[What you need to do] If an entry holds a picture, drop the picture but restate the entry word for word.

───

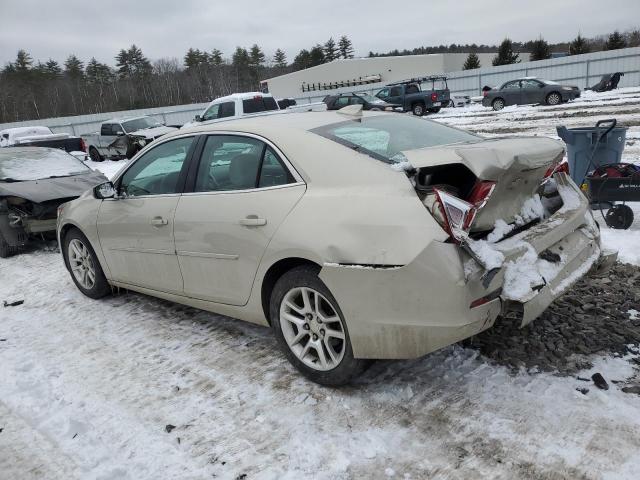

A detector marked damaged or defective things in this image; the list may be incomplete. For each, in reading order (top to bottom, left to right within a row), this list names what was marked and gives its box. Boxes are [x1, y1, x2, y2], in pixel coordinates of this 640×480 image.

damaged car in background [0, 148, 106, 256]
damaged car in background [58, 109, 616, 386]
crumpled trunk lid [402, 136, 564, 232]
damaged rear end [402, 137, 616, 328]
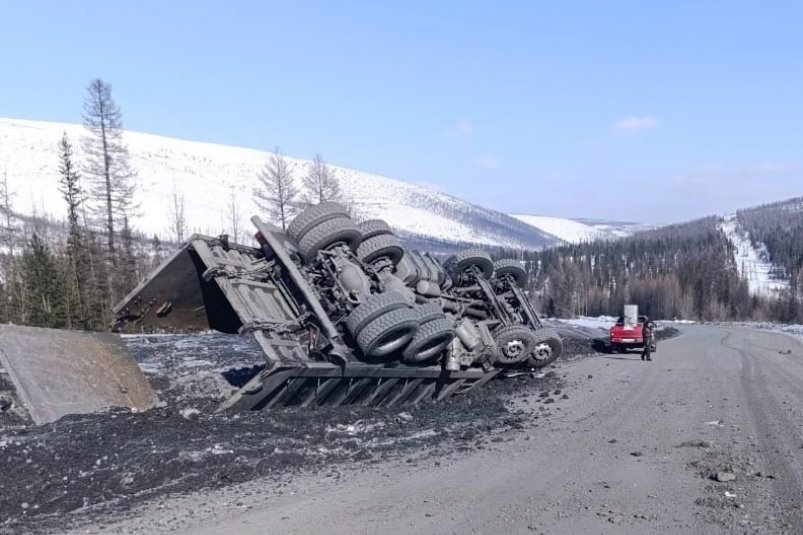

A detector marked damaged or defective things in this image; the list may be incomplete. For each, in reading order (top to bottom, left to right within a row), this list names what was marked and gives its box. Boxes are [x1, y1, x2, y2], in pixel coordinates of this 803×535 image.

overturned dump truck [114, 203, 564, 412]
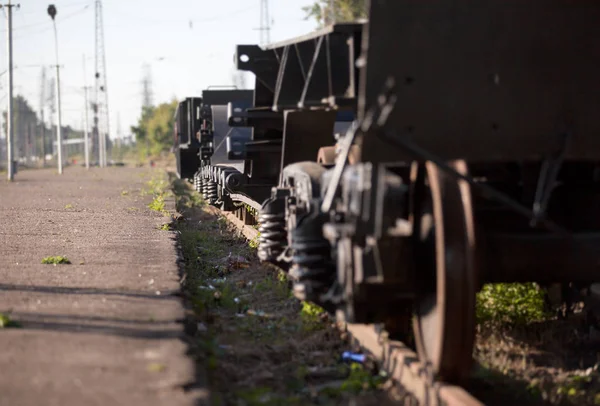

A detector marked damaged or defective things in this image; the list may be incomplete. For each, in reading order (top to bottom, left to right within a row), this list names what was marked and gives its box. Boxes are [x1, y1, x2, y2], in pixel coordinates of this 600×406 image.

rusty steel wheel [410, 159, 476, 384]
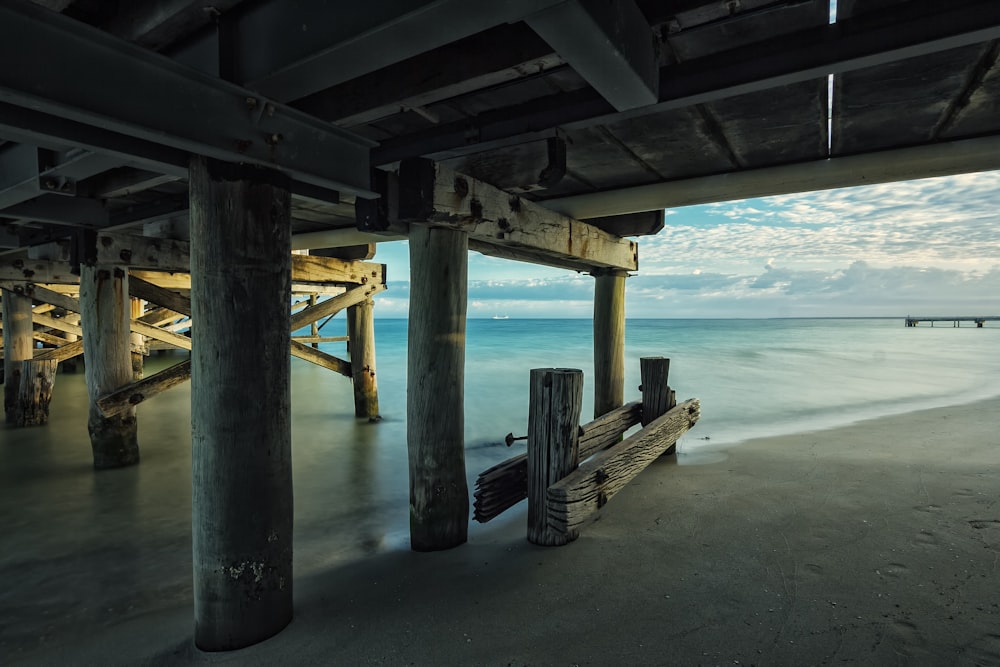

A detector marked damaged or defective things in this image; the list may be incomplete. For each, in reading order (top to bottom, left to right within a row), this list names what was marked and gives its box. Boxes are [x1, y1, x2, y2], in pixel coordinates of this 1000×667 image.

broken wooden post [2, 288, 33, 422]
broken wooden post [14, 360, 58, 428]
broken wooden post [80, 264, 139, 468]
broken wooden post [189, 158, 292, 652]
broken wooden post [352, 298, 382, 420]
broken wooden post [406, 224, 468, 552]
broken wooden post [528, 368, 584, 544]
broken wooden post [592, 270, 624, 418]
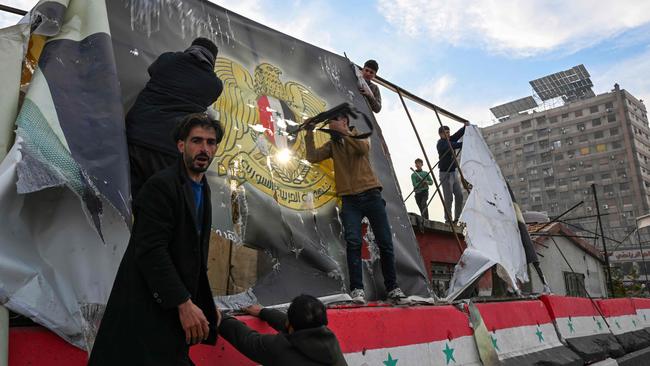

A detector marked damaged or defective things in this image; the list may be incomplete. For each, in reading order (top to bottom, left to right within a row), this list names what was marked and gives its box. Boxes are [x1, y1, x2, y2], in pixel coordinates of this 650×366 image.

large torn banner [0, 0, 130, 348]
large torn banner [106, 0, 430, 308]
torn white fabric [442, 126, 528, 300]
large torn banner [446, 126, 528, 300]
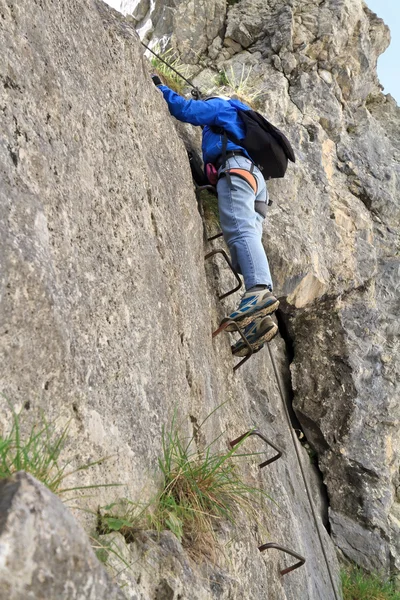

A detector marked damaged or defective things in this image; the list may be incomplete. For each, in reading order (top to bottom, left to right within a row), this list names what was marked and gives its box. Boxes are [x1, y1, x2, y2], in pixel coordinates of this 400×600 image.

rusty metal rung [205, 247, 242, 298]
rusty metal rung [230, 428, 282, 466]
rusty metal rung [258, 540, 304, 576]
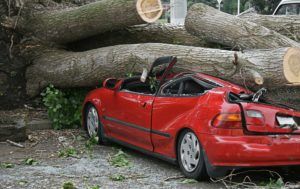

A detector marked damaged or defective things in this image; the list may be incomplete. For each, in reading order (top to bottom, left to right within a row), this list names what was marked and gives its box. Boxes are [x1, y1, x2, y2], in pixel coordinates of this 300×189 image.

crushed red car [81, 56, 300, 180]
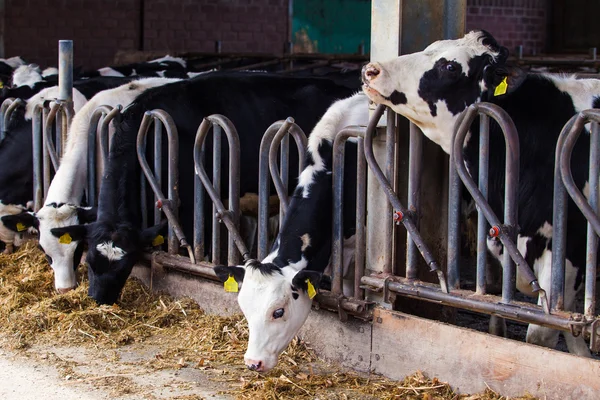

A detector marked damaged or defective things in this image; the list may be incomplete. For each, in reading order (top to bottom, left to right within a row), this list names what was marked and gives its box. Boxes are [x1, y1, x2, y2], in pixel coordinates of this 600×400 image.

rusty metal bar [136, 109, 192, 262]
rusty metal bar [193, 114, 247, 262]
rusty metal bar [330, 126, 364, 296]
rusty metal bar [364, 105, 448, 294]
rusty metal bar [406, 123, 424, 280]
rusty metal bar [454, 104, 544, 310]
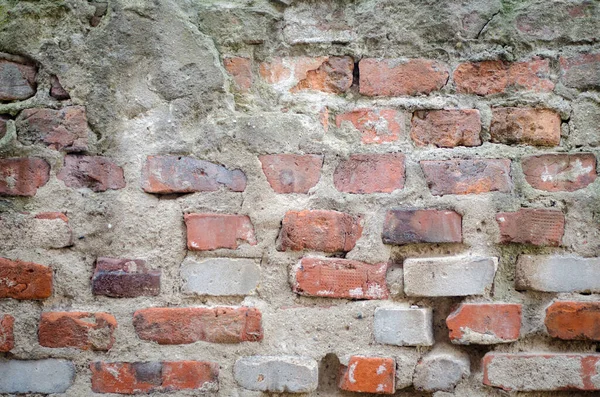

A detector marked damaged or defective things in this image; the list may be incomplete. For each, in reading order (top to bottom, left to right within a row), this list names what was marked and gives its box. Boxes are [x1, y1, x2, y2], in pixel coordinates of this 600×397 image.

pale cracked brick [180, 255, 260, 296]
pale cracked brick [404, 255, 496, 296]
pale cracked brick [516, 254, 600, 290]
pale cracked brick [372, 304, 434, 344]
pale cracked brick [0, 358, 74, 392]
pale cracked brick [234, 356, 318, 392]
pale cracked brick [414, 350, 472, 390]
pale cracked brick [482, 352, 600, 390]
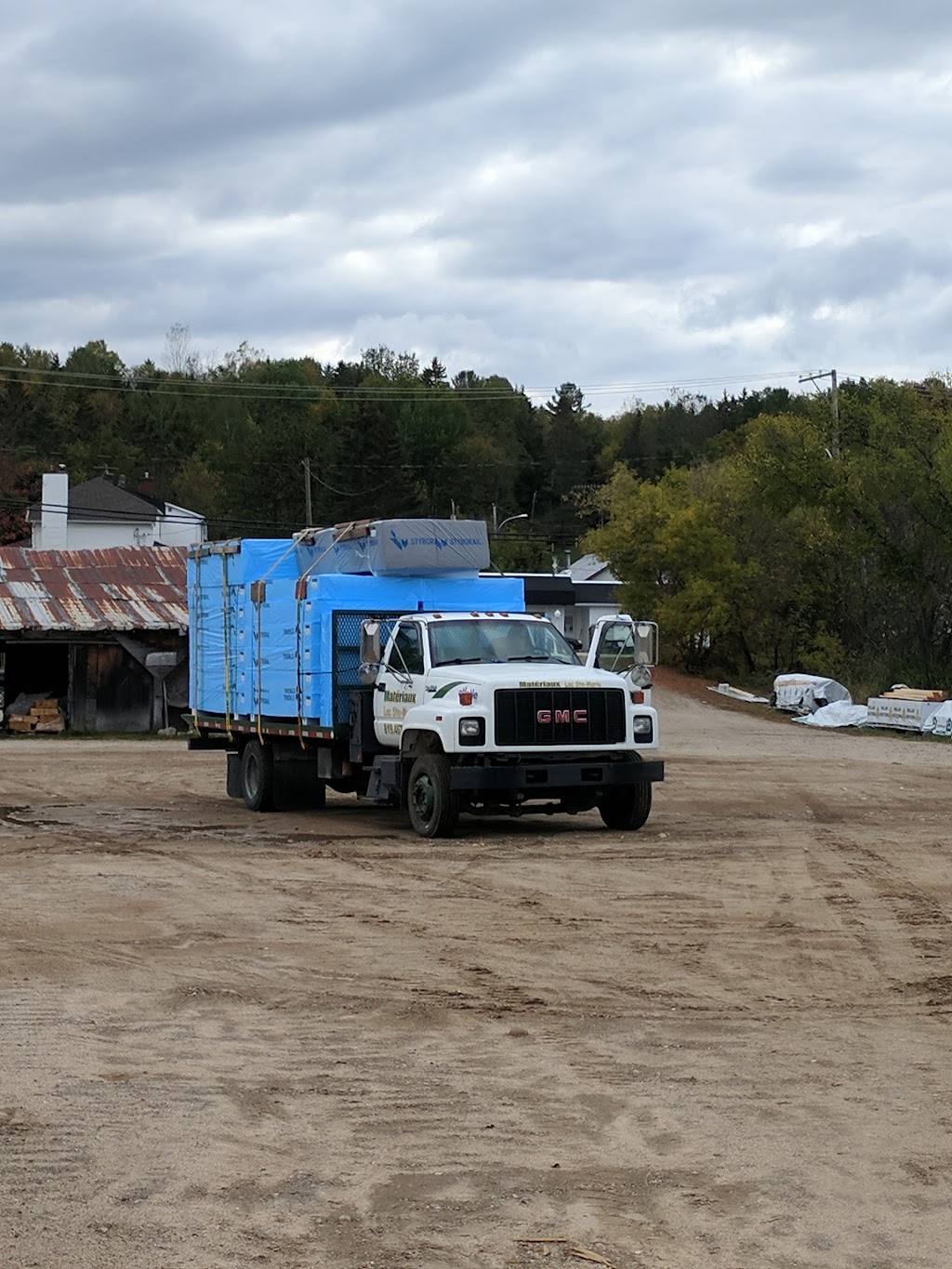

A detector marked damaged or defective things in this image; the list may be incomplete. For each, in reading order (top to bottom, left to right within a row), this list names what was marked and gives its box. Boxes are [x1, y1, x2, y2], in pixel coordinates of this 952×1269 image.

───

[Solved problem]
A detector marked damaged or defective things in this image; the list may be incomplete. For each, in reading order (top to bottom, left to right within a row), this list names what was marked and gives its box. Boxes are [x1, y1, x2, y2], in pixel coordinates of this 640×480 image.

damaged car in background [0, 148, 106, 256]
damaged car in background [58, 109, 616, 386]
crumpled trunk lid [402, 136, 564, 232]
damaged rear end [402, 137, 616, 328]

A detector marked damaged or defective things in this image; the list may be incomplete. For each, in reading order (top to bottom, left to right within a row), this list names what was marked and gives its box. Boxes are [x1, y1, x2, y2], in pixel coordinates of this 803×535 image.

overturned dump truck [114, 203, 564, 412]

A detector marked damaged or defective things in this image; the list may be incomplete. For each, in reading order (top to bottom, left to right within a row), this list names what was marked and gives its box. Boxes are [x1, y1, x2, y2], in pixel coordinates of this 600×406 image.

rusty steel wheel [410, 159, 476, 384]

A detector marked damaged or defective things in this image; the list may be incomplete. For each, in reading order (top to bottom, left to right within a row), this list names what was marked and gives its box. Boxes are [x1, y1, x2, y2], in pixel coordinates of this 1000×667 image.

broken wooden post [2, 288, 33, 422]
broken wooden post [14, 360, 58, 428]
broken wooden post [80, 264, 139, 468]
broken wooden post [189, 158, 292, 652]
broken wooden post [352, 298, 382, 420]
broken wooden post [406, 224, 468, 552]
broken wooden post [528, 368, 584, 544]
broken wooden post [592, 270, 624, 418]

A detector marked damaged or defective things in this image; the list may be incomplete. For each, in reading order (top to bottom, left to right within a row), this list names what was marked and gives its box. Boxes are [x1, y1, x2, y2], in pixel coordinates of this 650×366 image.

large torn banner [0, 0, 130, 348]
large torn banner [106, 0, 430, 308]
torn white fabric [442, 126, 528, 300]
large torn banner [446, 126, 528, 300]

A detector marked damaged or defective things in this image; the list may be incomplete. For each, in reading order (top to bottom, left to right within a row), this list names what was marked and gives its box. Boxes are [x1, y1, x2, y2], in pixel coordinates of this 400×600 image.

rusty metal rung [205, 247, 242, 298]
rusty metal rung [230, 428, 282, 466]
rusty metal rung [258, 540, 304, 576]

A detector marked damaged or defective things in this image; the list may be incomplete. For each, in reading order (top to bottom, left to right within a row), this list names what was marked and gives its box. Boxes are [x1, y1, x2, y2], in pixel coordinates of this 300×189 image.

crushed red car [81, 56, 300, 180]

A detector marked damaged or defective things in this image; the list may be incomplete. For each, in reading order (top to bottom, left to right within a row), this list names what was marked and gives its box. Boxes are [x1, y1, x2, y2], in pixel coordinates of this 600×400 image.

rusty metal bar [136, 109, 192, 262]
rusty metal bar [193, 114, 247, 262]
rusty metal bar [330, 126, 364, 296]
rusty metal bar [364, 105, 448, 294]
rusty metal bar [406, 123, 424, 280]
rusty metal bar [454, 104, 544, 310]

A detector marked damaged or defective things in this image; the list may be incomplete. For each, in reading order (top to bottom, left to right within a row), this list names what was marked and gives its box. Boxes are [x1, y1, x2, y2], in pixel coordinates of this 600×397 image.

pale cracked brick [180, 255, 260, 296]
pale cracked brick [404, 255, 496, 296]
pale cracked brick [516, 254, 600, 290]
pale cracked brick [372, 304, 434, 344]
pale cracked brick [0, 358, 74, 392]
pale cracked brick [234, 356, 318, 392]
pale cracked brick [414, 350, 472, 390]
pale cracked brick [482, 352, 600, 390]

A detector marked damaged or defective things in this image; the list may be incomplete. For each, in reading order (top to bottom, left to right within a row), this list names what was marked and gives its box. Boxes are [x1, y1, x2, y2], in pixel coordinates of this 952×1269 image.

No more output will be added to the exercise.